I wasn’t always afraid of poetry, I used to quite like Pam Ayers on that TV talent show. It’s the repetition that gets to me, the dreadful monotone chanting. Hearing one Zombie do it is bad enough but when there are thirty, fifty…
That’s how they turn you. They don’t need to bite. It’s a slow brainwashing process and its effects are devastating. My girlfriend and my two best friends have already succumbed. One day they were normal people headbanging to Metallica, the next they were sticking their heads through my open bathroom window mumbling some Scottish nonsense about a wee timorous beastie.
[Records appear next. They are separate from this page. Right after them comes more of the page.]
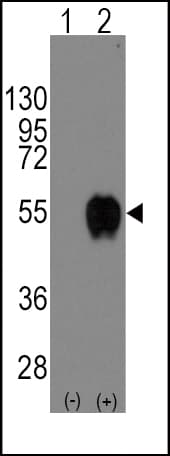 CD14 Antibody (aa54-83)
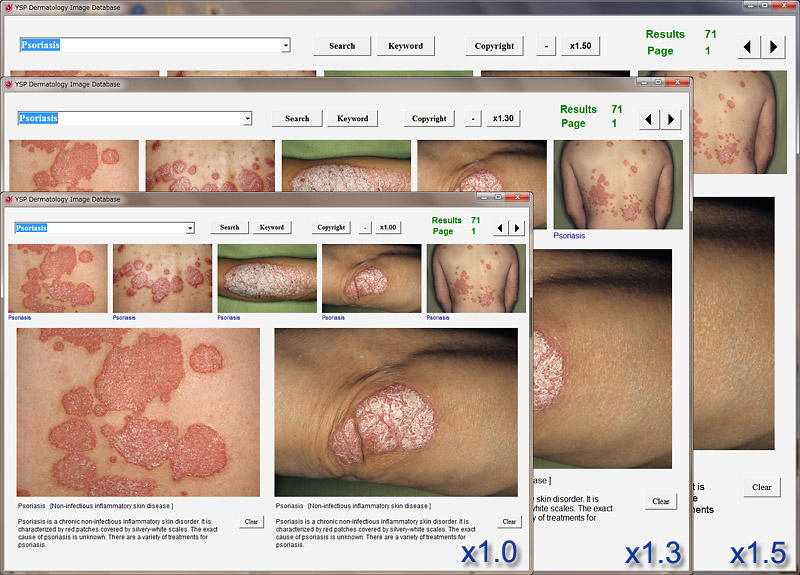 YSP Dermatology Image Database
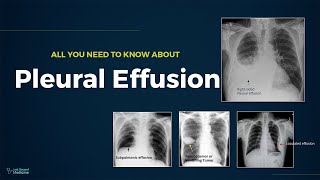 Pleural Effusion  Types Causes Evaluation amp Management All You Need To Know For Exam [upl. by Aihsak]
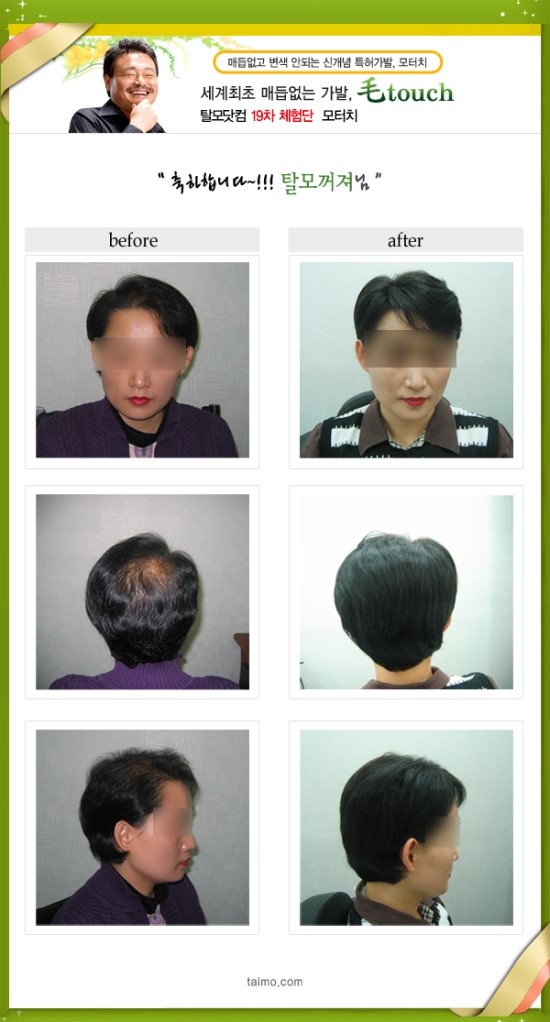 모터치 이미지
I bumped into then again when I went to steal supplies from the looted supermarket. They were staggering along the High Street with about half a dozen others, arms held in front, fixed stare, bits of rotting flesh dropping everywhere. Pam spotted me as I came out with my box of scavenged food. I started to run but tripped over a discarded foot and went my length on the tarmac. Before I could get to my feet, my ears were assailed by an horrific recital of a Lord Byron lament.
And thou art dead, as young and fair
As aught of mortal birth,
And form so soft, and charms so rare,
Too soon returned to Earth!
After the tenth reprise I could stand it no longer and I kicked, spat and fought my way from beneath their fixed eyes and cruel tongues. I ran like the hounds of hell were on my tail and made it back home, bruised and soiled, but still able to sing Stairway to Heaven.